February 19-25: Poems on Choosing

On Choosing the Poems on Choosing

As we said in the Overview of this week’s post, we curated our gathering of poems around “The Soul selects her own Society,” a touchstone poem about selection and choosing in Dickinson’s canon. We also mentioned that Dickinson’s first editors, Mabel Loomis Todd and Thomas Wentworth Higginson, included this poem in the first published edition of Dickinson’s poetry in 1890 under the title “Exclusion.” Helen Vendler concludes her insightful reading of the poem with this fact and asks pointedly:

Was “Selection” too peremptory a word for a female to use at the time?

We think perhaps it was, and yet, “select” is the word Dickinson uses for what Vendler calls the soul’s “absolute choice.”

What accounts for Dickinson’s preoccupation with choice and selection at this time? Is it a celebration of “the will to choose” or the fear of exposure? Or some combination? We know Dickinson suffered a great loss in 1861, which might have been a rejection of love, and she began withdrawing into the Homestead and into her corner room. One of her biographers, Alfred Habegger, associates the stringent selection presented in “The Soul selects her own Society” with Dickinson’s rejection of Samuel Bowles, whom, at this point, Habegger said,

no longer had the key to Dickinson’s attention.

As Habegger reconstructs the story, Dickinson sent Bowles “Title divine – is mine!,” which she regarded as a confession of sorts, and insisted on complete confidentiality.
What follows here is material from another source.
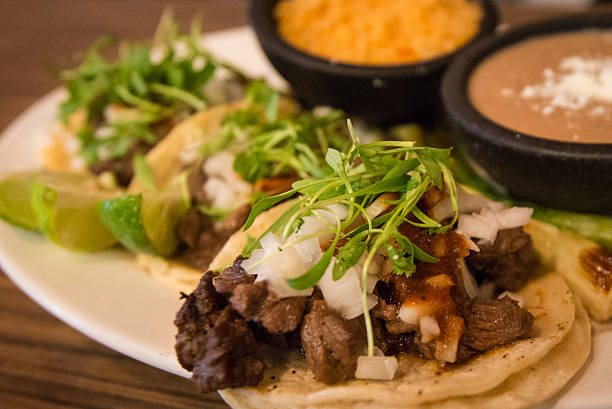 istock Plate of three street style tacos 522007352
But when Bowles visited Amherst in November 1862, Dickinson refused to see him and Bowles dashed off a note to Austin Dickinson, with whom he was very close, calling Dickinson “the Queen Recluse” and referring to her “Maidens vows.” This got back to Dickinson, who felt Bowles had violated her trust, and he would be from then on exiled from her intimacy. Habegger observes:

Because of the misdating of key documents, it hasn’t been understood that between late 1862 and 1874 she sent him no personal letters and few poems. … the relationship had been irreparably damaged.

Of all the Souls that stand create (F279, J664)

Of all the Souls
that stand create –
I have Elected – One –
When Sense from Spirit –
files away –
And Subterfuge – is done –
When that which is –
and that which was –
Apart – intrinsic – stand –
And this brief Tragedy
of Flesh –
Is shifted – like a Sand –
When Figures show their
royal Front –
And Mists – are carved away,
Behold the Atom – I pre –
ferred –
To all the lists of
Clay!

EDA manuscript: “Originally in Amherst Manuscript # 304, asc:11377 – p. 1. Courtesy of Amherst College Library, Amherst, MA. First published in Poems (1891), 89, as three quatrains, with the alternative adopted.”
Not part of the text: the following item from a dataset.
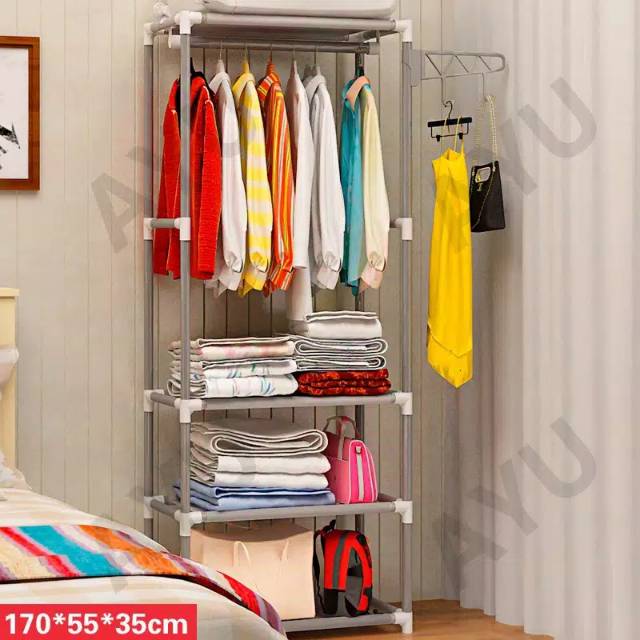 Preloved square steady stand hanger rak buku rak lemari pakaian tanpa cover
We begin with this poem because it so clearly uses the language of Protestant “election,” the doctrine that teaches that at the beginning of the world God selected or predestined certain souls to be saved and join him in Heaven for all eternity and others to be damned and suffer in hell. Dickinson adapts this belief to the speaker’s choice of a beloved. In this adaption, the speaker somewhat arrogantly takes the place of God, when in the penultimate line the speaker says, “Behold the Atom – I preferred.” It is hard not to  hear “Adam,” as if God had just created man from the dust (“Clay”) and presented him to the Heavenly Host for their admiration. This line also evokes the phrase “Ecce homo,” Latin for “behold the man,” the words Pontius Pilate spoke as he presented a defeated Jesus, bound and crowned in thorns, to a hostile crowd just before his crucifixion (see John 19:5).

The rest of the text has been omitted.